Based on their positioning in space our cable-like shape-sensors create a virtual three-dimensional model of their current layout. This model of the cable's position and shape mirrors precisely the actual cable's position and shape in real time. This opens up numerous applications.
For all applications a concurrent monitoring can be realized: If a part of the sensor-array reaches a critical position. If a sensor assumes a critical shape. If parts of the cable approach critical velocities.
We integrated helically coiled foils into our cable-like shape-sensors. Bends of the cable, therefore, result in changes in the distances between the foil edges. These distances are optically tracked and send to a plotting computer. This distance information is compiled into a virtual model of the cable's shape. Due to the compact construction the sensor delivers a high measuring density and provides space for a usable filling (marked white in the picture), which can host, for example, electric cables, optical fibers or bowden cables.
Application areas are:
BionicMotionRobot from Festo, the TST-Shape sensor is integrated to detect position, shape and interaction information.
Lattoflex a system for the measurement of human spine "Dosigraph" has been developed. By means of dosigraph, features of lying can be visualized for different bed systems.
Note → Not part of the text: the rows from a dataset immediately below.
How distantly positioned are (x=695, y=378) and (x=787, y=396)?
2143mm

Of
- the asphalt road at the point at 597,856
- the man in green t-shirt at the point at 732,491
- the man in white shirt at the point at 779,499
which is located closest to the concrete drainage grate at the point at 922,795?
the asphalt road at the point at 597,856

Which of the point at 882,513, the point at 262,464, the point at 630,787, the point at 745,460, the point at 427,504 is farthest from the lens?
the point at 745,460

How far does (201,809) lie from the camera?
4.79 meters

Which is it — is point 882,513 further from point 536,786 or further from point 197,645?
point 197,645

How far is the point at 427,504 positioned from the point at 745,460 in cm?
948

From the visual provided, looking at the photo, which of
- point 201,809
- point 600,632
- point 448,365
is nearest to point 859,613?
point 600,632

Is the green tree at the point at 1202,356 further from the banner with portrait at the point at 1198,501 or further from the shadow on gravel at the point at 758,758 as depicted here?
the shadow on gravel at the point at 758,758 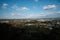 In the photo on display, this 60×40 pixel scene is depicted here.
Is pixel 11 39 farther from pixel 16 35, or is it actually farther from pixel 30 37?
pixel 30 37

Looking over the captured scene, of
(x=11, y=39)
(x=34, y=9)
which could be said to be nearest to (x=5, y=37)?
(x=11, y=39)

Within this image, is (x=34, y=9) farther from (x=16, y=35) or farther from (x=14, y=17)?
(x=16, y=35)

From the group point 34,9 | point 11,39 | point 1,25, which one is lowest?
point 11,39

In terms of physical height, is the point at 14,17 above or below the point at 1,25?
above
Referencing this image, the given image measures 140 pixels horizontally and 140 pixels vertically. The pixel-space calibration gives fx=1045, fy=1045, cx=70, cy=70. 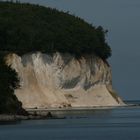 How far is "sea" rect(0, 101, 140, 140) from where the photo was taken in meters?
94.0

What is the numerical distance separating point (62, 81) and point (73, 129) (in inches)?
2643

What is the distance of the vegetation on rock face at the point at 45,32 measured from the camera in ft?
542

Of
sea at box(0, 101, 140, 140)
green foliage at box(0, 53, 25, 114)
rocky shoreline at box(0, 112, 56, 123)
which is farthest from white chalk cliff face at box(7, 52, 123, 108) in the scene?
green foliage at box(0, 53, 25, 114)

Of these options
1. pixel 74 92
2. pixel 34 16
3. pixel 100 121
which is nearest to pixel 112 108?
pixel 74 92

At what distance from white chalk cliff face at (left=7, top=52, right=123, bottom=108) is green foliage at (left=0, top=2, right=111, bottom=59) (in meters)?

The changing position and shape of the spine is visualized in real-time.
Applications arise wherever flexible connections have to be monitored, for example, cable assemblies or delivery hoses.
The sensors can also be employed for the guidance of heavy machinery and handling fixtures.
In the case of industrial robots a large portion of their downtimes is due to broken cable connections. Such a machine could be halted beforehand reducing the downtime from hours to minutes.
The specification of 3d trajectories of robot movements can be given directly and intuitively.
The position information of the sensor shape is updated with high frequency. Thus the velocity at the sensor end can be determined exactly. With this information the automatic dosage of adhesives in dependence of hand movement is feasible. Recordings of trajectories of movement can be used to establish quality of service documentation.
Manual assembly tools can be configured in dependence of their position. A torque wrench may realize different moments of force for different screws.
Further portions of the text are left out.